(WHAT IS BEING ASKED):
Please quote exactly the opening lines of the data, from the first line to the one where "эпизод 556 Disney" appears.

(DATASET RECORDS):
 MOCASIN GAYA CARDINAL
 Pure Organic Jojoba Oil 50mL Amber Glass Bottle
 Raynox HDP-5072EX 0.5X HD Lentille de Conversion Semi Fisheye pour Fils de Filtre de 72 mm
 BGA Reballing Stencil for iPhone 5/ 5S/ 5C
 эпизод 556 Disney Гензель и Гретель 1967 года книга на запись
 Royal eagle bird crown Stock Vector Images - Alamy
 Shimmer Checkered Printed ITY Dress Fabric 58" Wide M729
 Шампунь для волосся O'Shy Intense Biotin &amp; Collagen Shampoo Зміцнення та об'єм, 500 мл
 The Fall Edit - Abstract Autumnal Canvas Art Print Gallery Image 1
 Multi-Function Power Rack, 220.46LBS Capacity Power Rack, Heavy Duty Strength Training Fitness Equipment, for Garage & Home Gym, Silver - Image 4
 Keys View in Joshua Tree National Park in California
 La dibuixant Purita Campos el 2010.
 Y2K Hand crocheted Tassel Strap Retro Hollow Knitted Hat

(RESPONSE FOR THIS EXERCISE):
 MOCASIN GAYA CARDINAL
 Pure Organic Jojoba Oil 50mL Amber Glass Bottle
 Raynox HDP-5072EX 0.5X HD Lentille de Conversion Semi Fisheye pour Fils de Filtre de 72 mm
 BGA Reballing Stencil for iPhone 5/ 5S/ 5C
 эпизод 556 Disney Гензель и Гретель 1967 года книга на запись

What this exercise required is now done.